MapReduce: Simplified Data Processing on Large Clusters by Jeffrey Dean and Sanjay Ghemawa
Processing large datasets can sometimes be performed using algorithms that are embarrassingly parallelizable. As the number of datasets for which it’s worth running processing in parallel increases, it becomes clearer that there is a benefit in developing a framework which abstracts away the minutia of orchestrating parallel computations and managing failures, edge cases and optimizations. Without such a framework, every dataset that is worth processing in parallel will see special-purpose boilerplate code built for that particular type of dataset; thus, the wheel is reinvented, always a bit different, but always round.
Like any framework, the main advantages are that no one needs to reinvent the wheel,users of the framework inherit optimizations in parallel processing and efficient parallel data processing can occur even on datasets who might not have been processed in parallel if there needed to be a investment in writing parallel processing orchestration code.

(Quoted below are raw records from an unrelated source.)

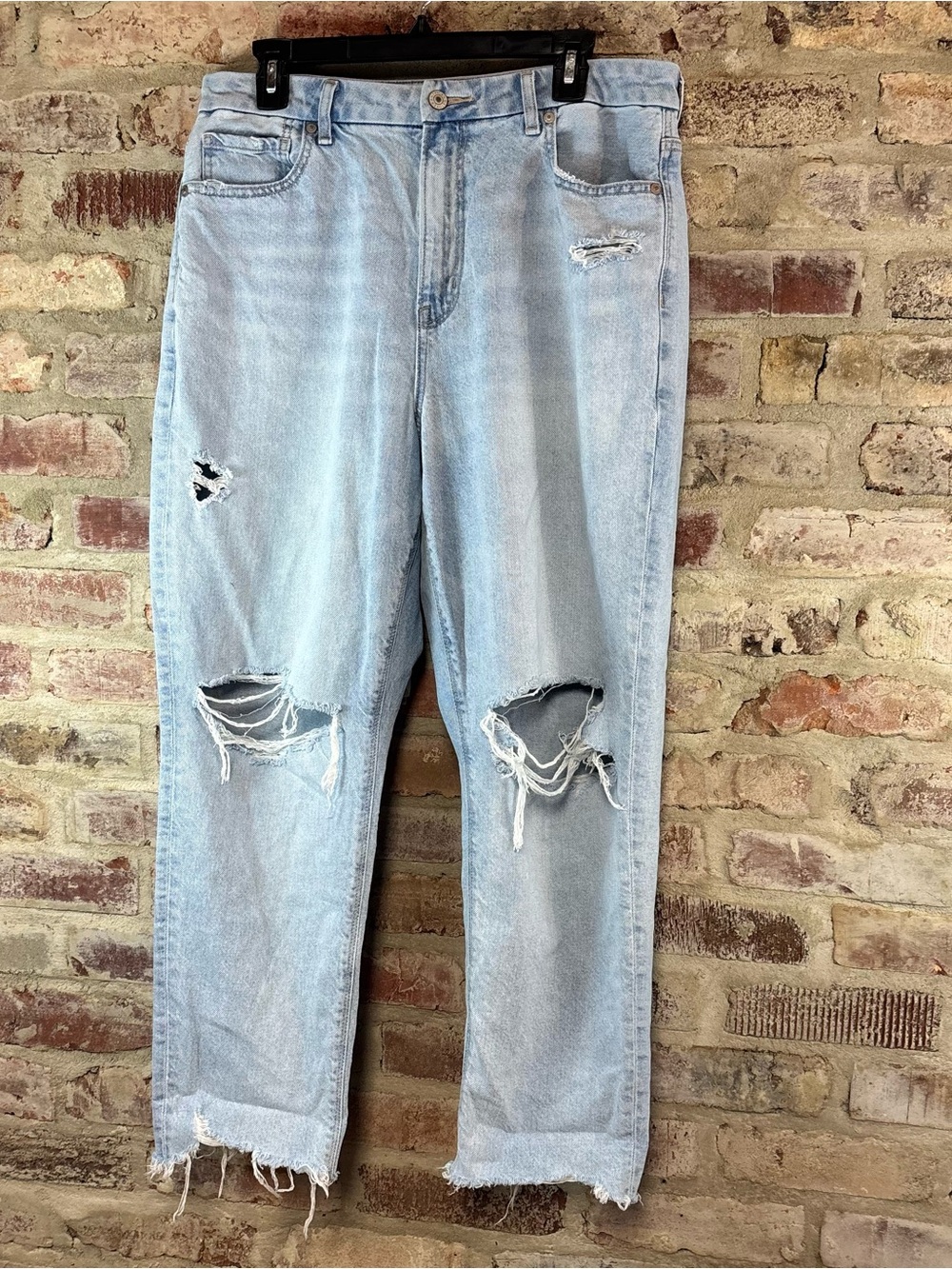 American eagle strigid straight leg cropped distressed jeans 14 short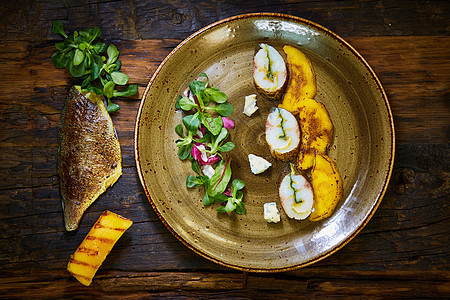 含有绿的鱼片桌子国家胡椒刀具蔬菜美食沙拉盘子牛扒餐厅图片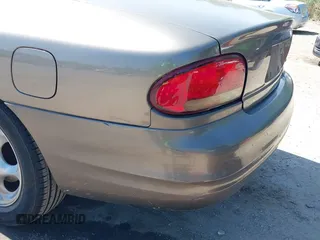 1999 Oldsmobile Intrigue GX z VIN 1G3WH52K5XF334949, wystawiony jako IAAI lot #42252647 z przebiegiem 80 705 mil mil oraz . Historia ofert i sprzedaży dostępna na DreamBid. Obrazek 13.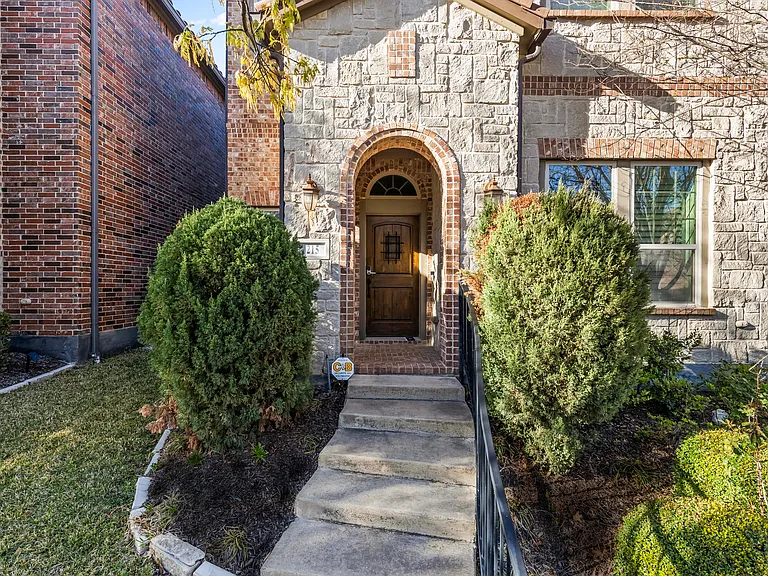215 Palacio St — Photo 29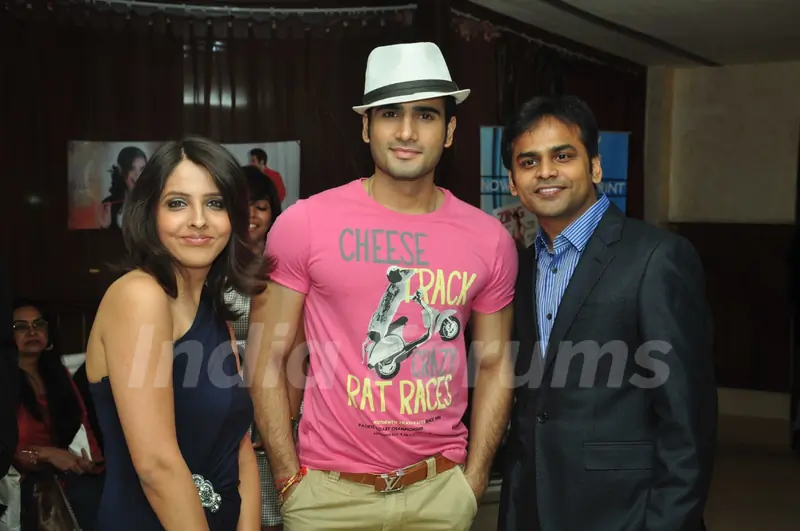Karan Tacker, Dolly & Vijay Bhatter at the celebration of India Forums 9th Anniversary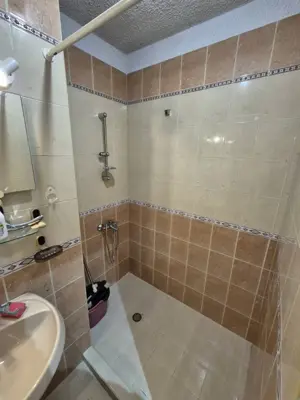 Garsoniera de inchiriat in Tractorul - imagine 3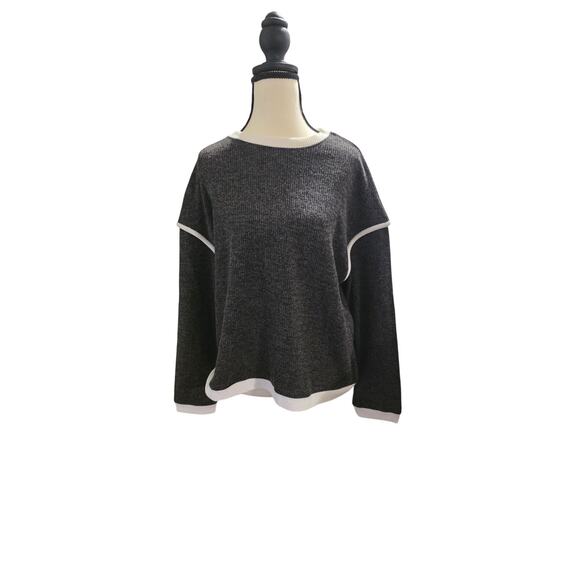 Lovesoft Tops - Lovesoft crewneck oversized sweater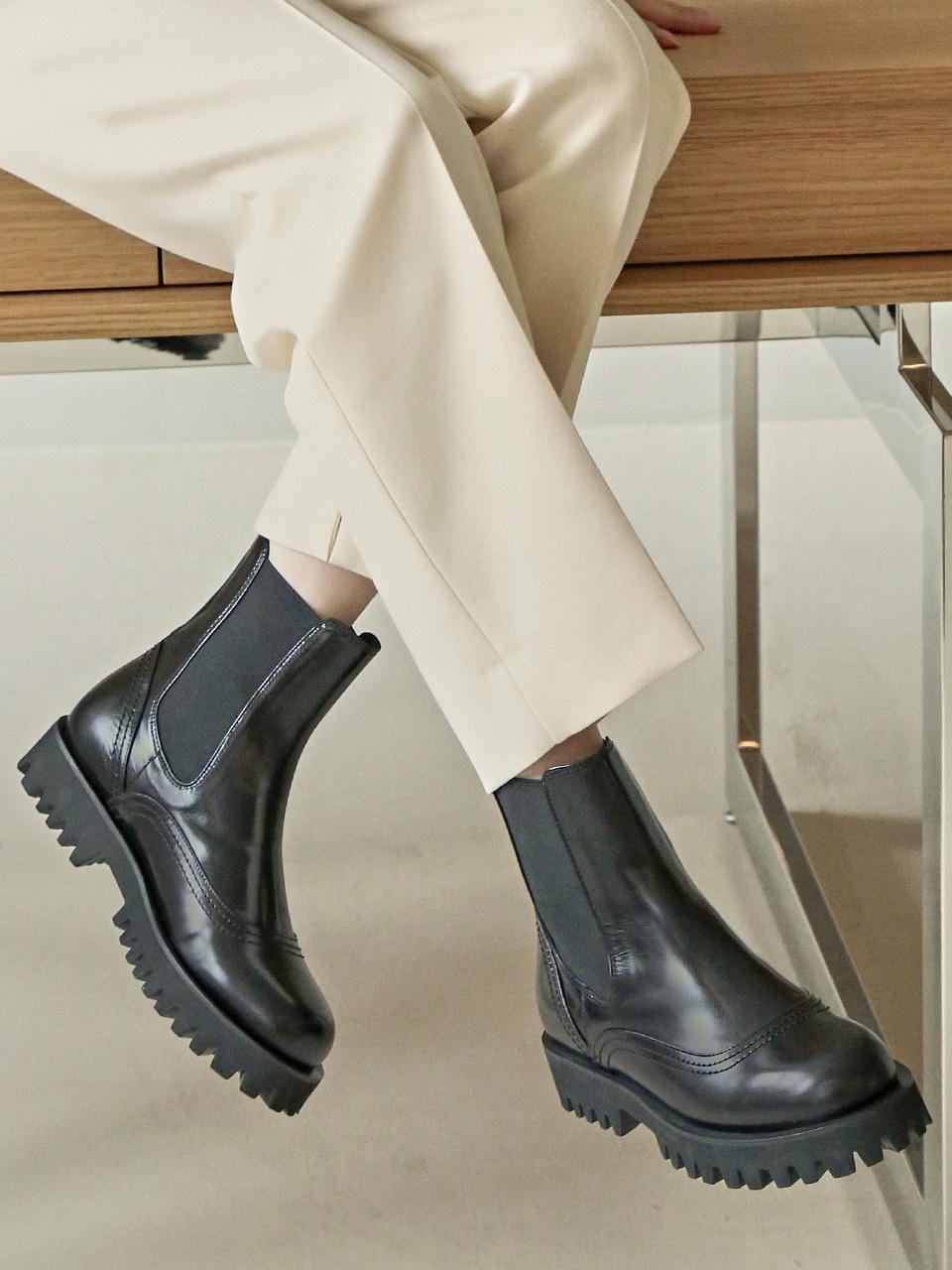 ashgray studios 1783 David Chelsea Boots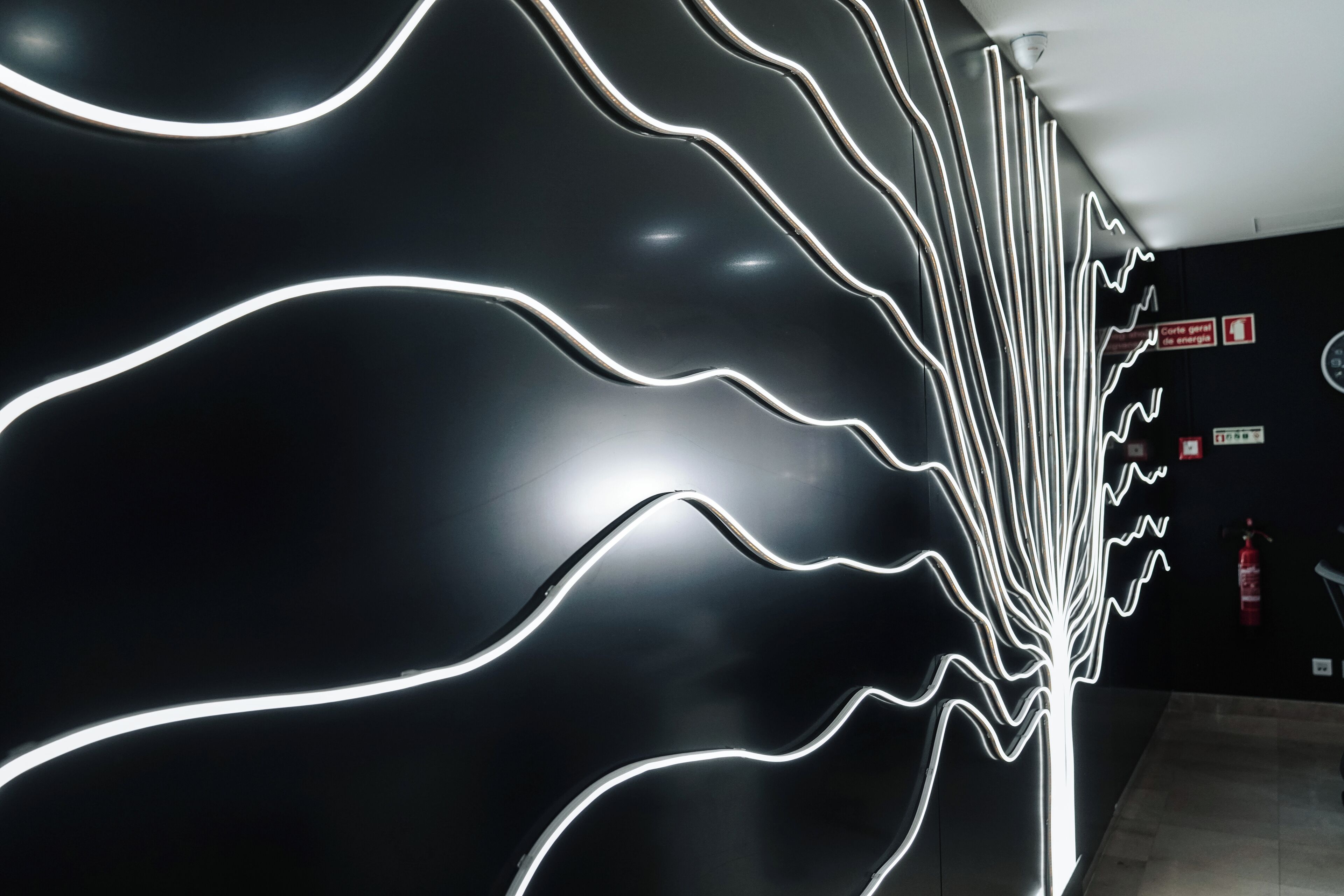 Un mur orné d’un motif lumineux ondulé.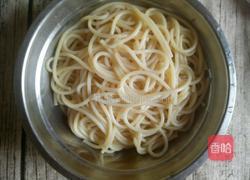 黑椒火腿意面的做法图解2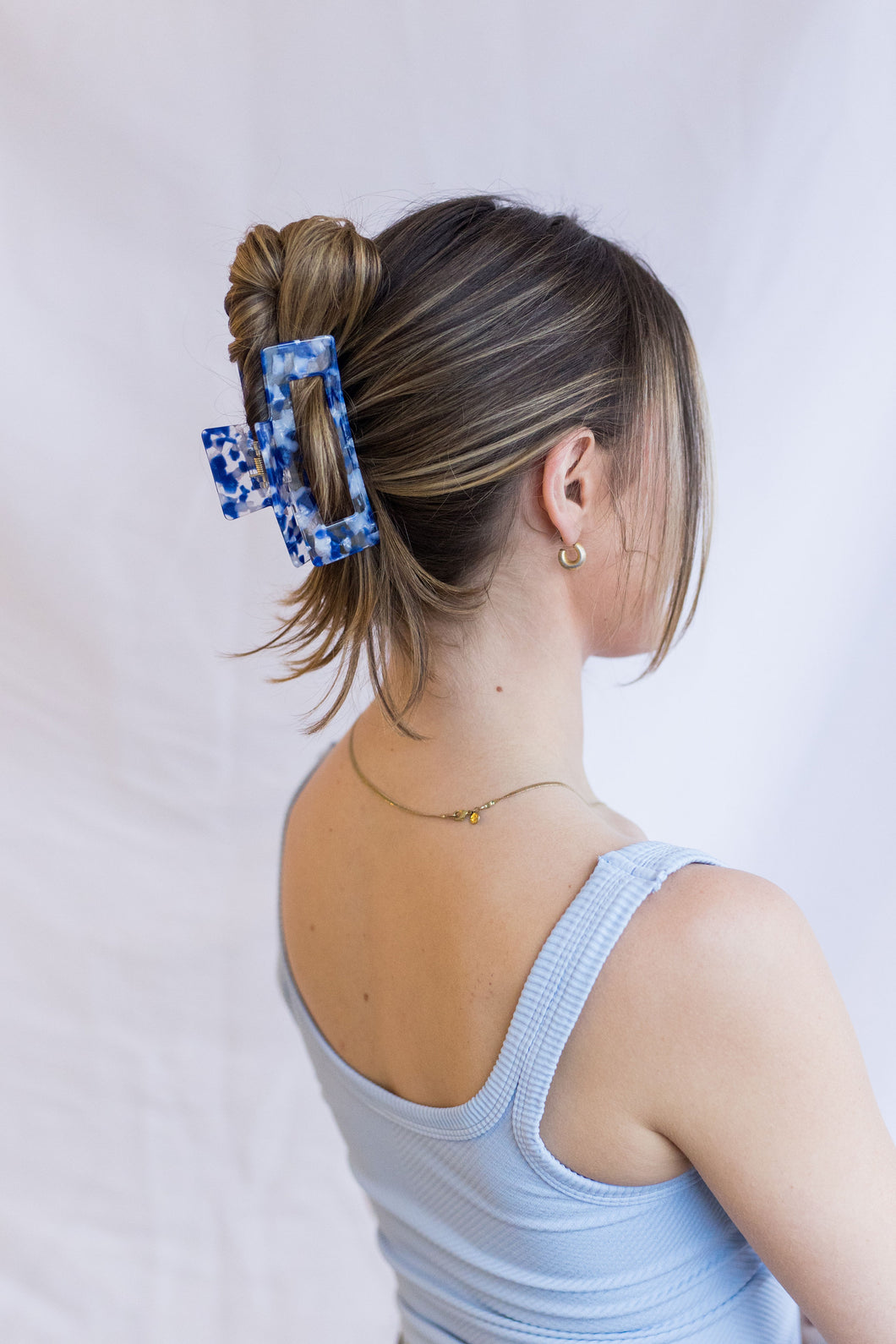 Jumbo Claw Hair Clip (Royal Blue Confetti)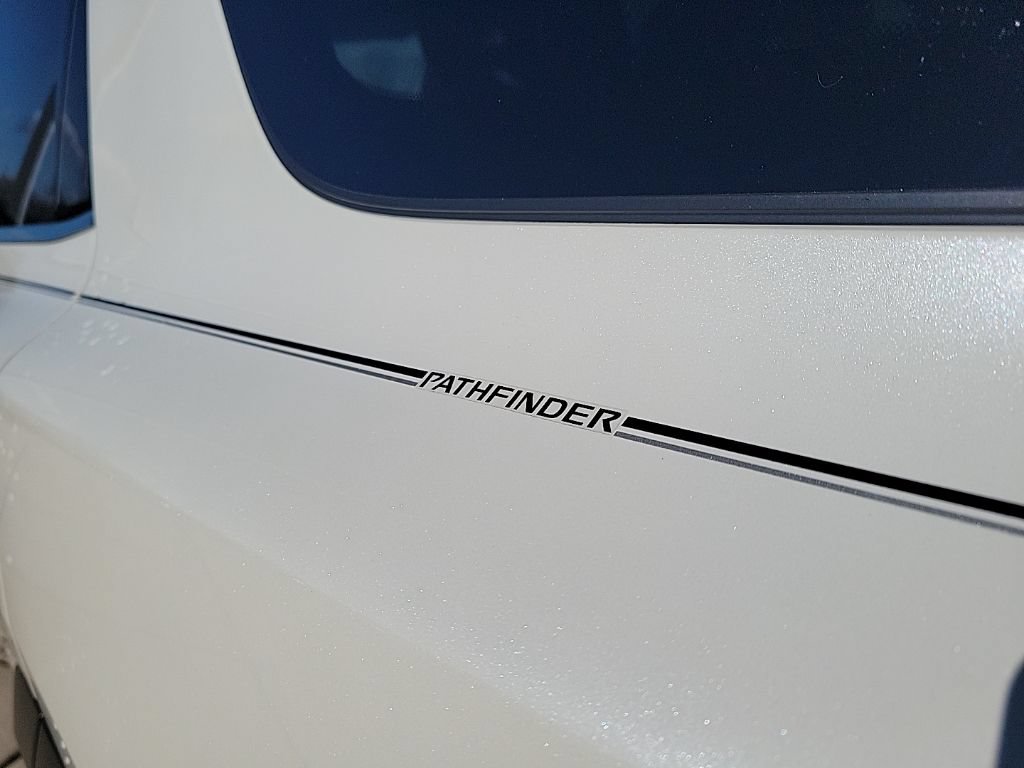 Used 2023 Nissan Pathfinder SL AWD/4WD image 11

The authors propose a model whose basis is a master node that orchestrates upwards of hundreds of worker nodes in performing the parallel computations. The model organizes the workers in two groups: mapping workers and reducing workers. Mapping workers each receive a fragment of the large dataset and transform their fragment independently of other fragments into an intermediary result (e.g. each worker is given a negative integer, from a list of negative integers, and produces a positive integer). Reducing workers are directed by the master node to perform a computation on several of these intermediary results; the intermediary results are reduced to a smaller set of final results (e.g. we grab several positive integers, generated by the mapping worker, and perform a running total by iterating over them). The input dataset, the mapping function and reducing function is provided by the user.
Critique
It’s unclear from the paper if the reduce workers can iterate over existing final results: that is, if the end goal is to obtain the final sum of a very large list of numbers, we would need 1 reduce worker to process the entire list of numbers so as to produce one single output result. What is unclear is whether the final result of reduce workers can be fed back into the system as intermediary results, and re-processed by reduce workers once more until the final result is a single datum.
The authors put forward that a satisfying amount of problems can be solved by providing a mapping function and reduce function so that the MapReduce model can address a wide variety of dataset computations. The authors explain that while MapReduce is a restricted model when compared with higher, more powerful models like Bulk Synchronous Programming, they key difference is essentially transparent fault-tolerance and ease of use.
The authors provide a set of benchmarks for simple but archetypal operations and compare running speeds with and without optimizations demonstrating how, though possibly seemingly trivial, the optimization have a marked effect on processing time.